A outra face dessa diferença é a superficialidade. Quer dizer, crianças ao contrário de Flusser, são dispersas. Põem-se a pular de um para outro objeto de investigação. Saltam de um para outro brinquedo, feito estivessem num playground. E acabam não investigando nada mais detidamente. Embora recriem o mundo de um modo mágico e intuitivo, cheio de fantasia e jogo. De uma forma como não sabemos mais fazer depois de adultos. Embora essa forma - intuitiva, lúdica, mágica - quando suprimida também nos deixe num tremendo prejuízo. 
Mas, de outro modo, nós hoje temos uma dimensão prática bem mais efetiva desses fenômenos de comunicação via redes de computador, mediante a universalização da internet e da tecnologia digital – pois era sobre esses fenômenos que o autor de Bodenlos já falava, quando eles apenas brotavam, botavam as manguinhas de fora. E, aqui, é necessário entender que a força do pensamento de Flusser nutre-se também dessa brusquidão, alimenta-se dessa aparente falta de polimento, de jeito.  De estar a farejar algo ainda em processo. E ao contrário do que ocorreu com Benjamin, a recepção de Flusser ainda é por demais recente e escassa para ter se voltado contra ele em potência.³
Isso para não falar que o judeu em Flusser casa muito bem com o improviso brasileiro. Ambos reconhecem-se mais transitórios, prófugos e obrigados a improvisar por força de se encontrarem à margem. E é essa mentalidade brasileira - naturalmente barroca e profusa, impreparada, assistêmica, bastante ahistórica, assimétrica, sensual que se faz notar também como um dado novo no pensamento de Flusser. Sua recusa em citar fontes, por exemplo, passa ao largo de um desejo normativo que engessou o pensamento acadêmico não é de hoje. [4]


___________
¹ daí que para o empacotador de supermercado seja imperativo obter o novo smartphone, que traz a última ninharia técnica: a câmera de x-megapixels, ou a velocidade x.0. E então, ele terá de vender o antigo, quitar a dívida, para poder dar entrada no novo, endividar-se com ele. Sem falar no que há de antisustentável nessa lógica, que aposenta aparelhos, ainda em vida útil, numa velocidade cada vez mais brusca e cujo retorno não é mais que uma milimétrica vantagem técnica que logo será superada por outra. Mas não é essa a lógica de consumo em que já vivemos sendo apenas acelerada?

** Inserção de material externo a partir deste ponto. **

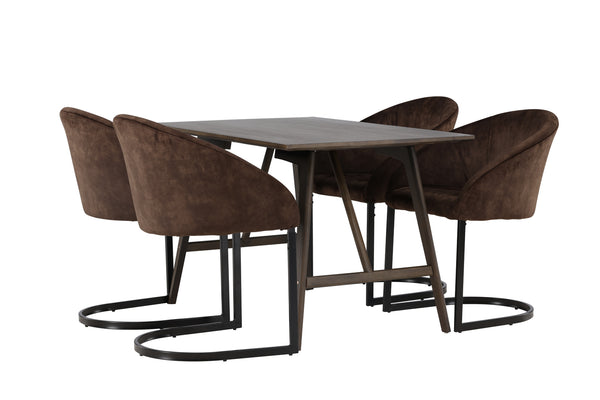 KASEIDON &amp; EVENING Dining table 80x120 Dark brown + 4 dining chairs Dark brown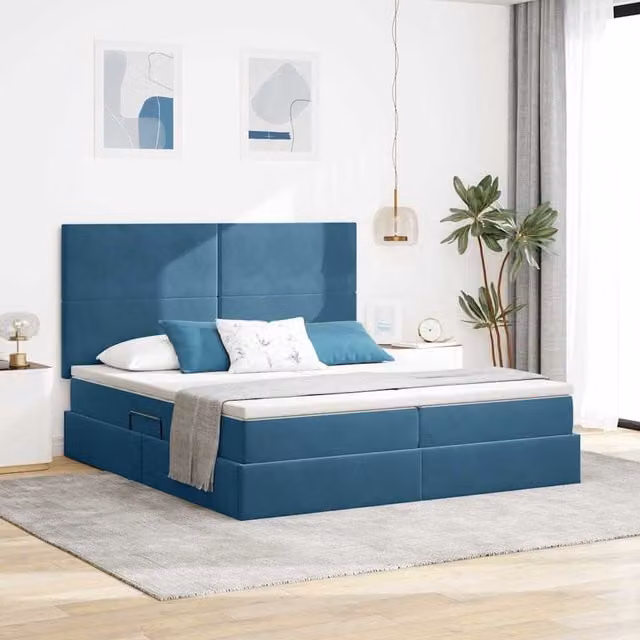 Cama con almacenamiento Maison Exclusive en terciopelo azul, base abatible y estructura de metal, An/P/Al: 200 x 200 x 280 cm
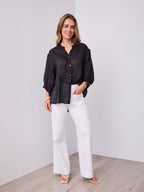 MARTA LINEN SHIRT - BLACK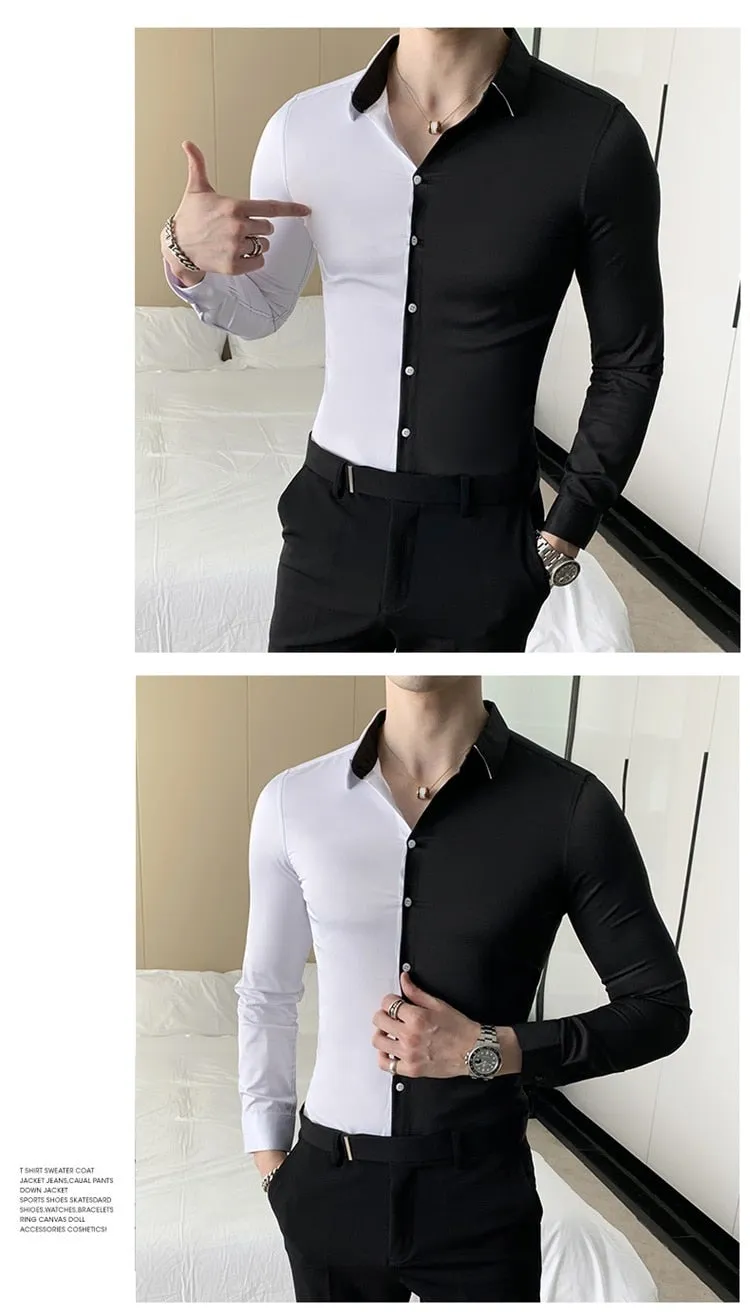 British Style Patchwork Long Sleeve Simple All Match Casual Shirt for Men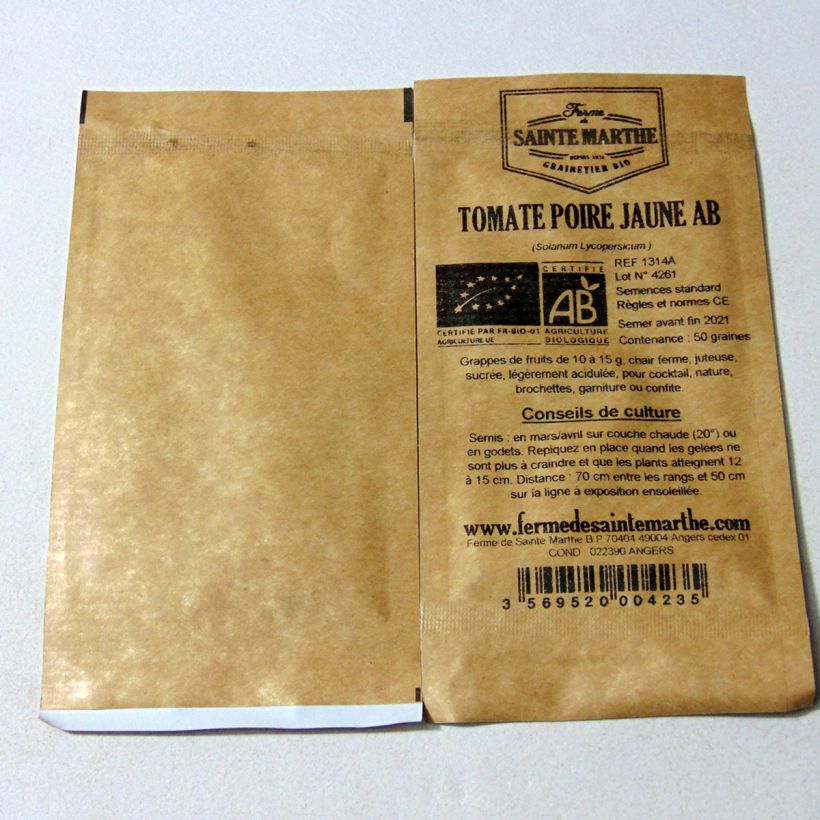 Example of Tomate Poire jaune Bio per pack of 50 seeds as you get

² de imediato se pode argumentar que o modo como Flusser trata a etimologia de certas palavras-chaves – tais como design, tecnologia e arte – em seu ensaio “Sobre a Palavra Design” é amplamente fantasioso. Mas isso não implica numa diminuição do valor heurístico do ensaio. Pois ele, de outro modo, revela, descobre coisas a partir dessa “fantasia etimológica”. E, indo mais fundo, pode-se indagar: que etimologia não é também fantasiosa e/ou intuitiva?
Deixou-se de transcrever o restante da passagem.